Work order:
Copy, exactly as written, the lines that begin at the one containing "Siks Self-adhesive Film" and end at the one containing "Funny Low cortisol". Skip any pictures in the data below.

Data under study:
__________________________________________________
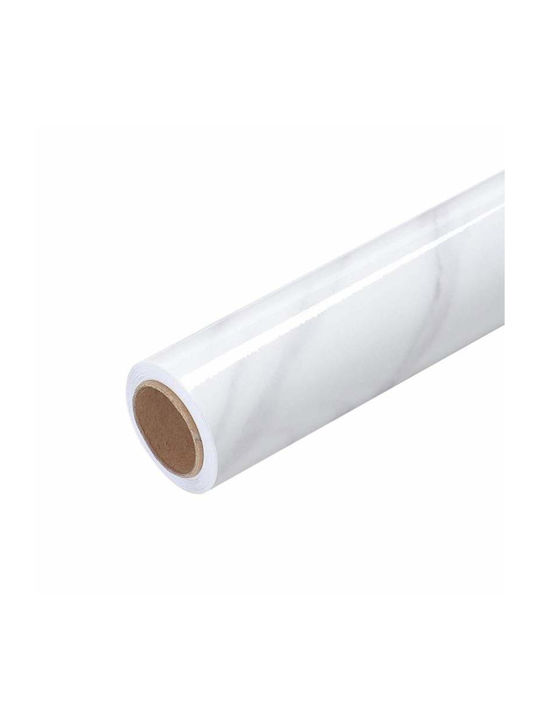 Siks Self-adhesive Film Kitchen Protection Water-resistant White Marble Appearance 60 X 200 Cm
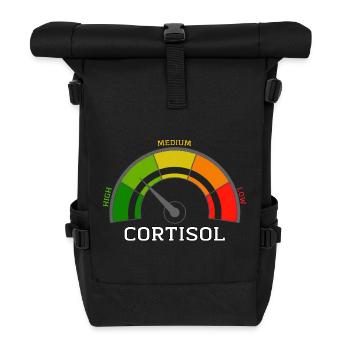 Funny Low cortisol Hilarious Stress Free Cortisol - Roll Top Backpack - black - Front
__________________________________________________
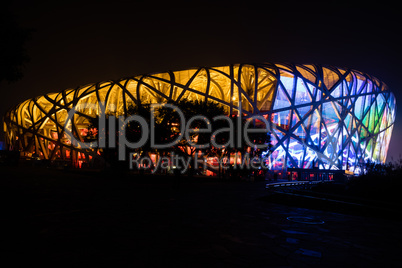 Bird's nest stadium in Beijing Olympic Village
__________________________________________________
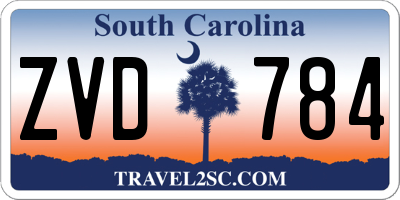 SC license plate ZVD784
__________________________________________________
Response:
 Siks Self-adhesive Film Kitchen Protection Water-resistant White Marble Appearance 60 X 200 Cm
 Funny Low cortisol Hilarious Stress Free Cortisol - Roll Top Backpack - black - Front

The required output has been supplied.